═════ Extracted information
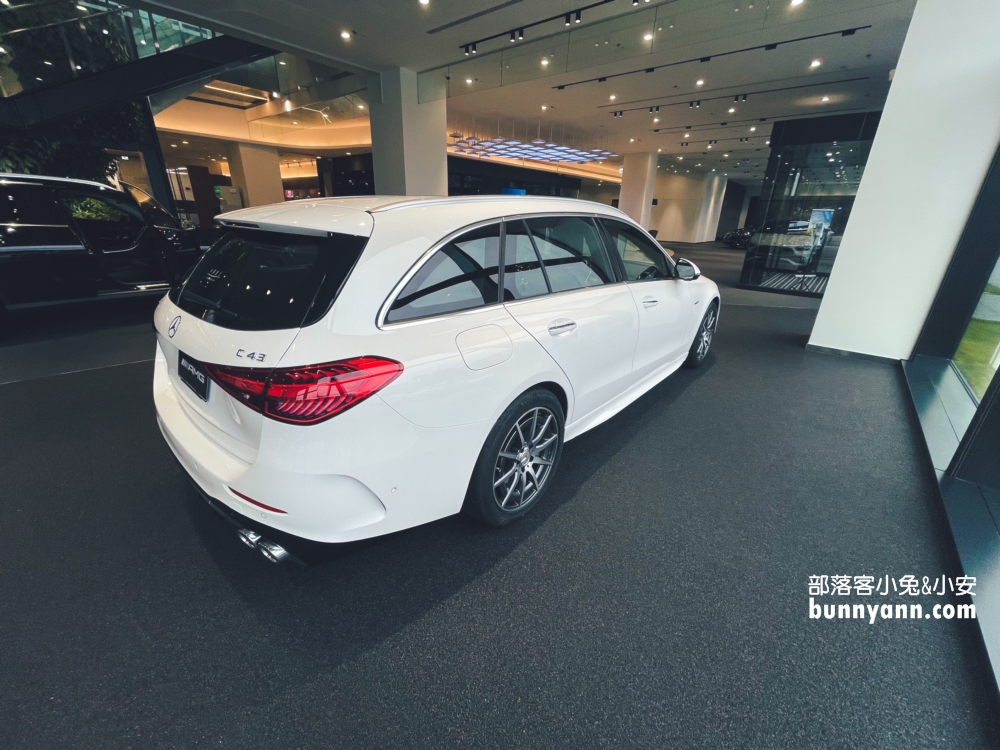 【2024賓士C43】Mercedes-AMG  C43 4MATIC Estate，現場實車拍照、配備與價錢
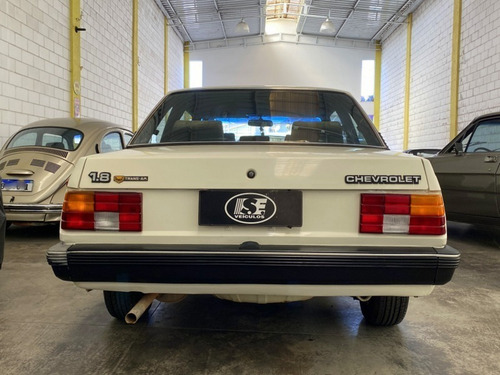 Imagem 9 de 15 de Chevrolet Monza Sl/e 1.8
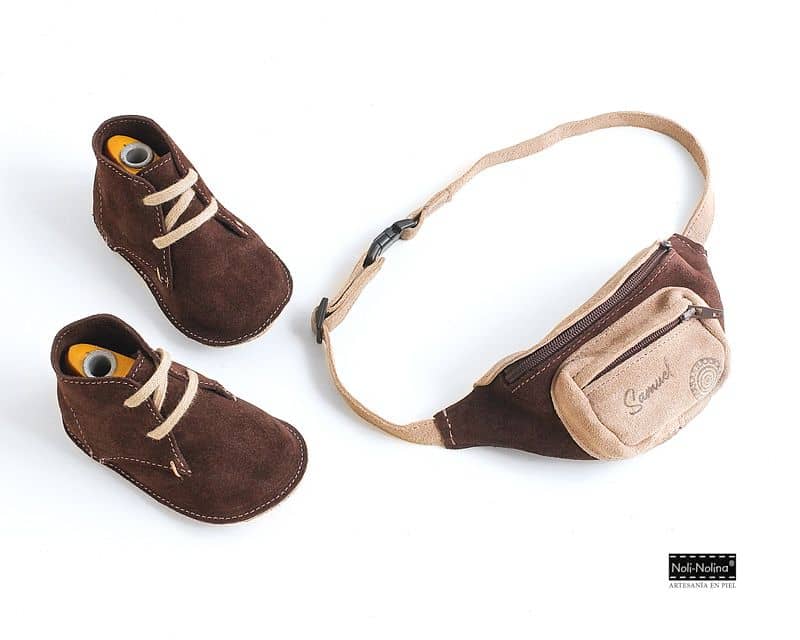 conjunto de bota y riñonera de piel para bebé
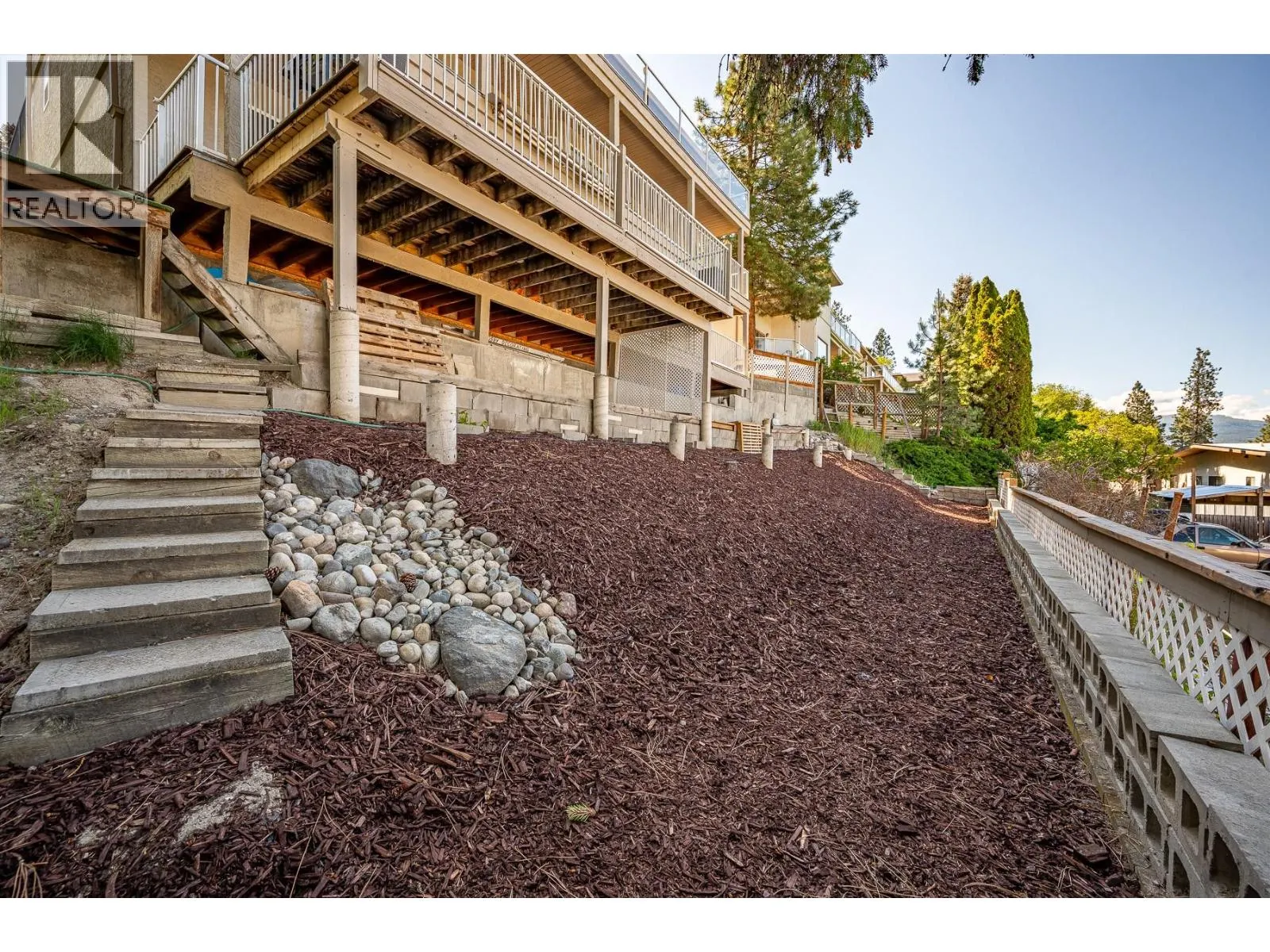 880 Ackerman Court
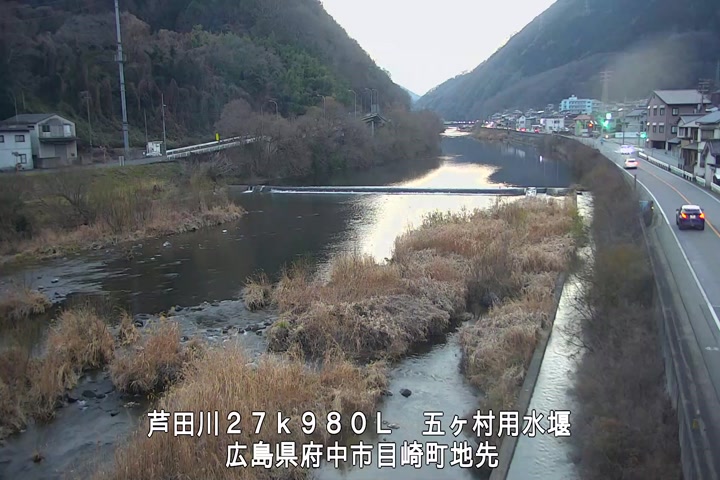 02月22日18時00分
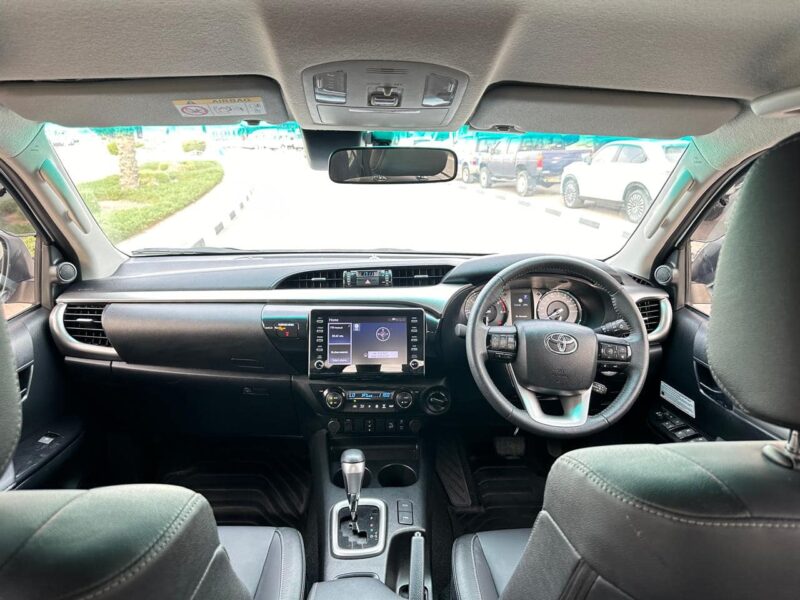 2021 Toyota Hilux SR5 Dual Cab 2.8 4 Cylinders Diesel Automatic 4x4 White Black Pickup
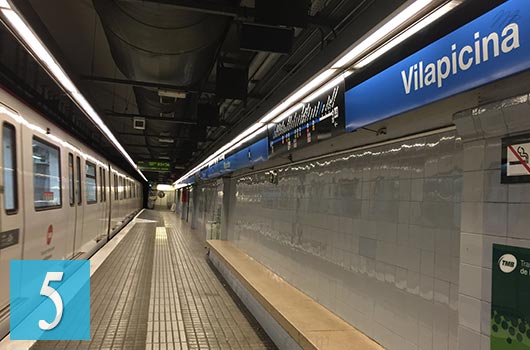 station de metro vilapicina Barcelone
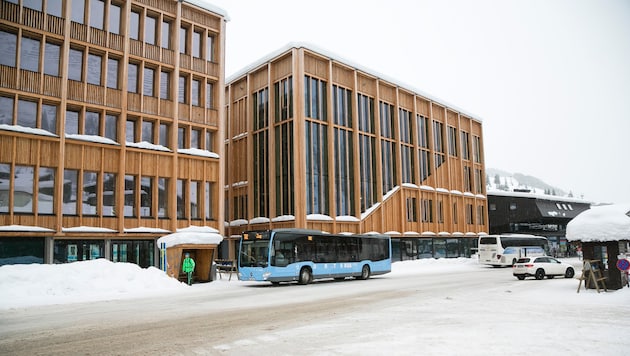 Weitere Bauten wie das sündteure Gemeindezentrum werden die Lecher in den kommenden Jahren wohl ...
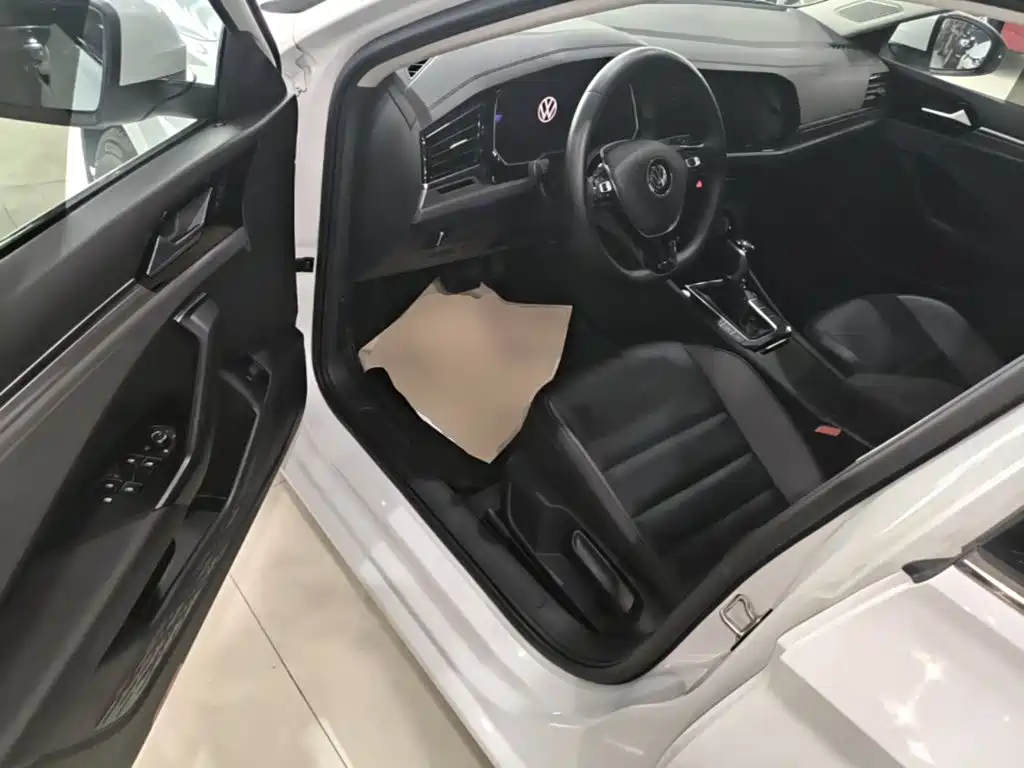 Volkswagen Sagitar — миниатюра 16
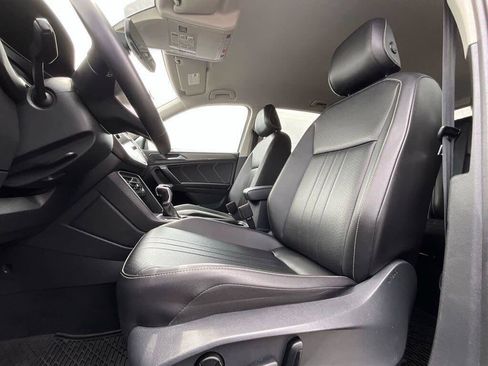Used 2022 Volkswagen Tiguan SE AWD/4WD image 11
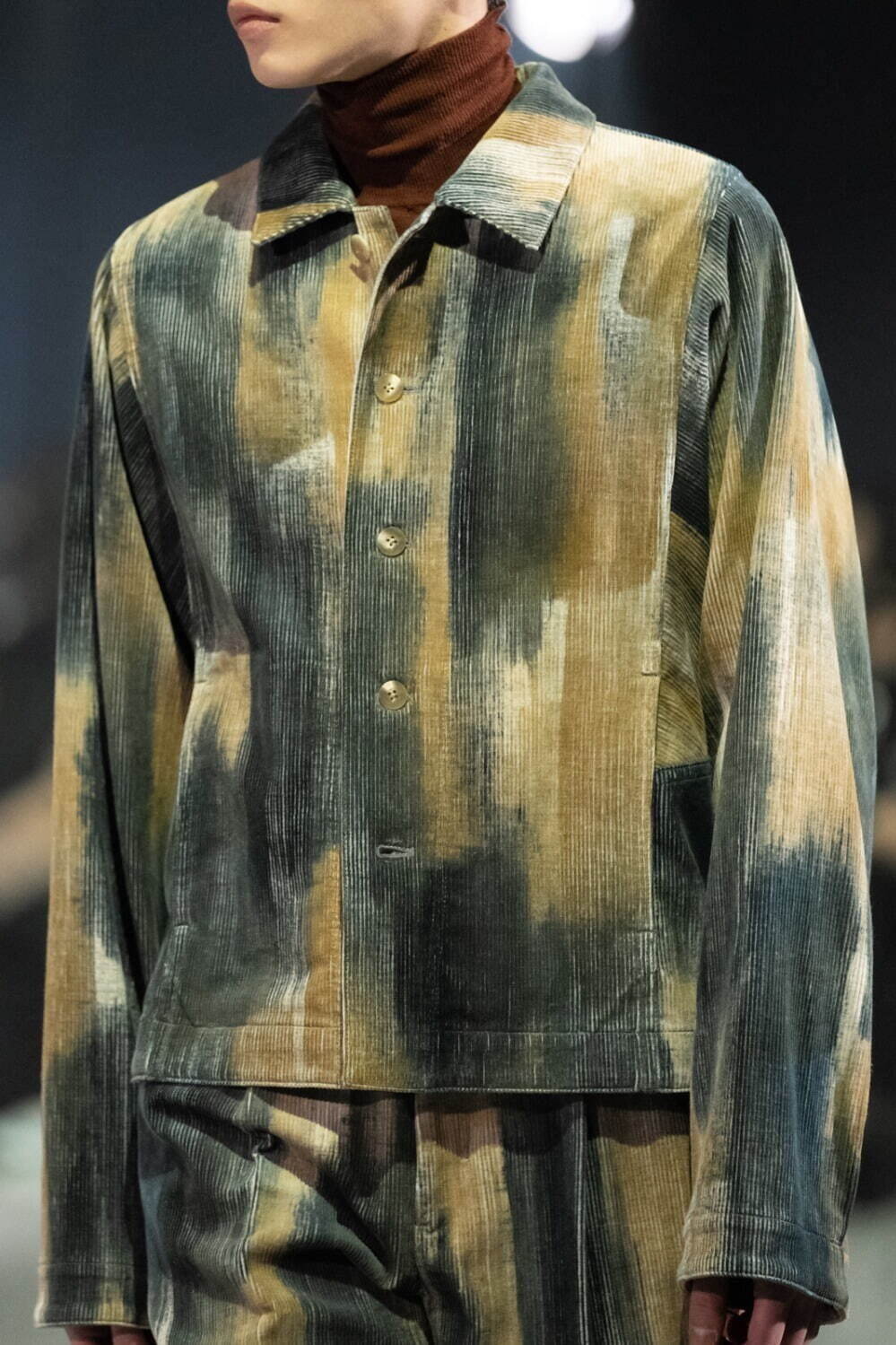 イレニサの新作、手染めコーデュロイのブルゾン＆ストライプ柄のオーバーサイズシャツ｜写真20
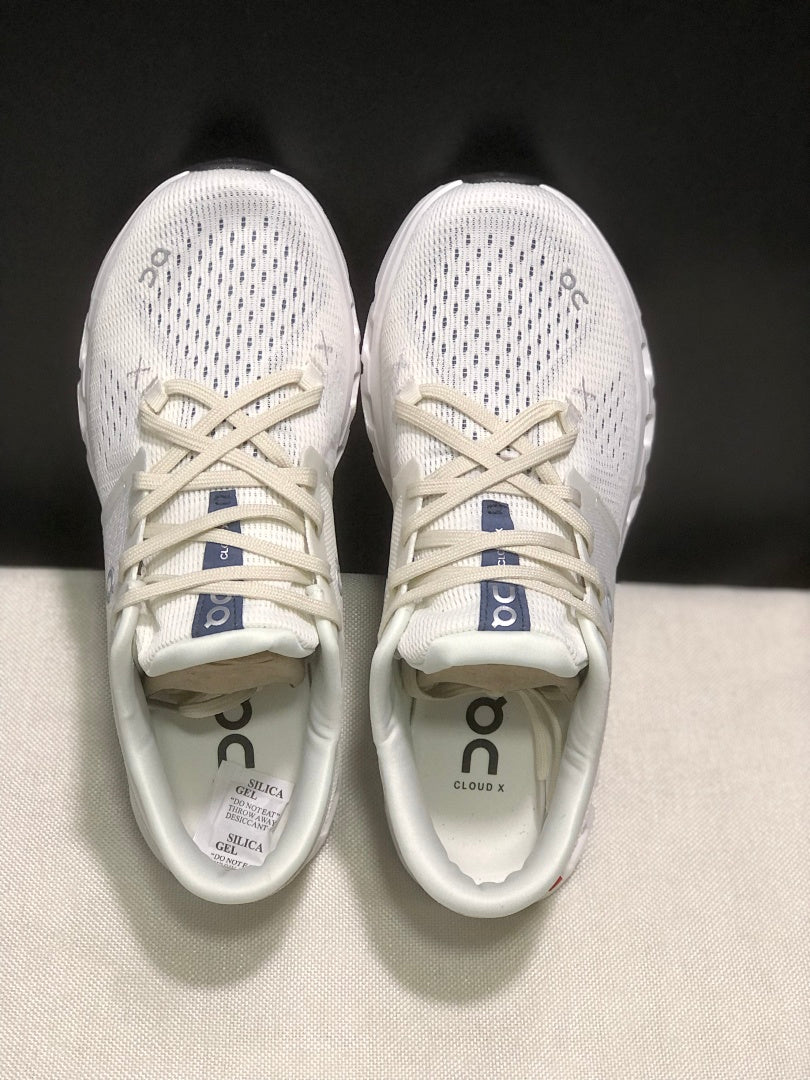 On Cloud X 4 Ivory and Blue Sneakers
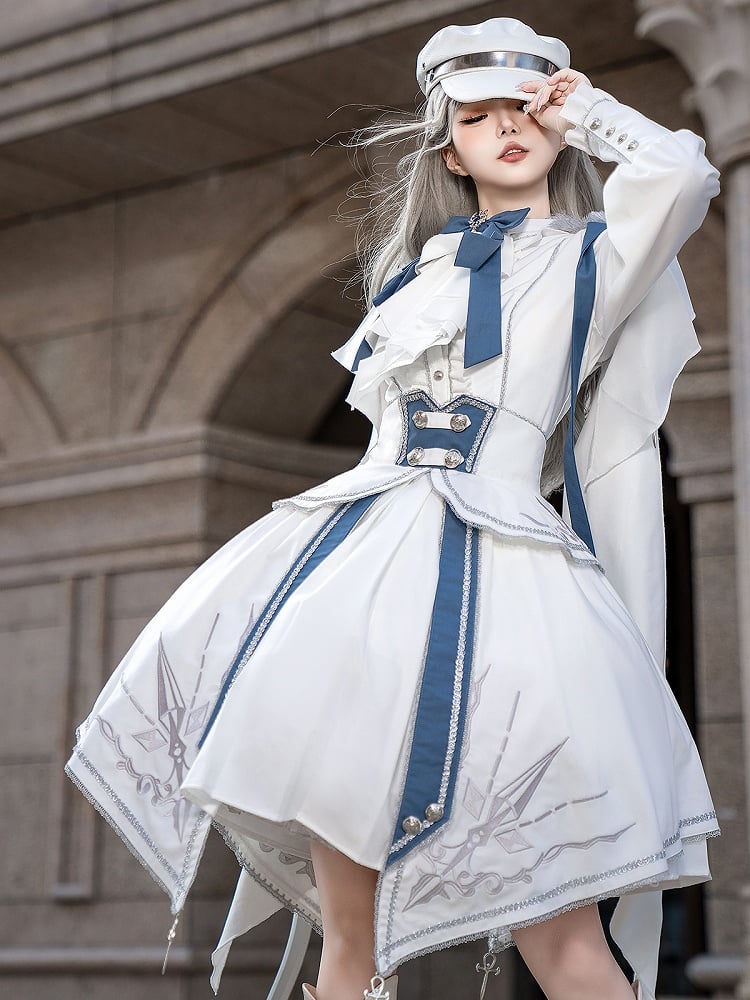 Weiß-blaues Militär-Lolita-Outfit, langärmliges Oberteil + Korsettgürtel, hoch taillierter Rock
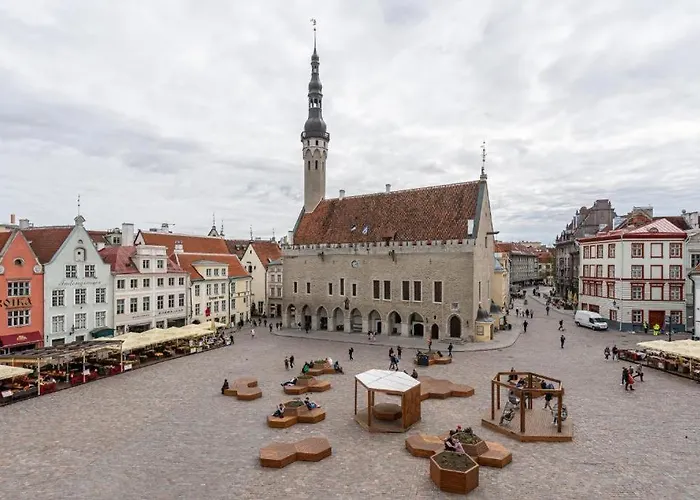 For 6 Person With Raekoja Plats View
══════════
### Exercise brief
Please transcribe exactly the lines from the one containing "Imagem 9 de 15 de Chevrolet Monza Sl/e 1.8" through the final line of the data, including both, and nothing else. Pictures are to be left out.

### Reply to the exercise
 Imagem 9 de 15 de Chevrolet Monza Sl/e 1.8
 conjunto de bota y riñonera de piel para bebé
 880 Ackerman Court
 02月22日18時00分
 2021 Toyota Hilux SR5 Dual Cab 2.8 4 Cylinders Diesel Automatic 4x4 White Black Pickup
 station de metro vilapicina Barcelone
 Weitere Bauten wie das sündteure Gemeindezentrum werden die Lecher in den kommenden Jahren wohl ...
 Volkswagen Sagitar — миниатюра 16
Used 2022 Volkswagen Tiguan SE AWD/4WD image 11
 イレニサの新作、手染めコーデュロイのブルゾン＆ストライプ柄のオーバーサイズシャツ｜写真20
 On Cloud X 4 Ivory and Blue Sneakers
 Weiß-blaues Militär-Lolita-Outfit, langärmliges Oberteil + Korsettgürtel, hoch taillierter Rock
 For 6 Person With Raekoja Plats View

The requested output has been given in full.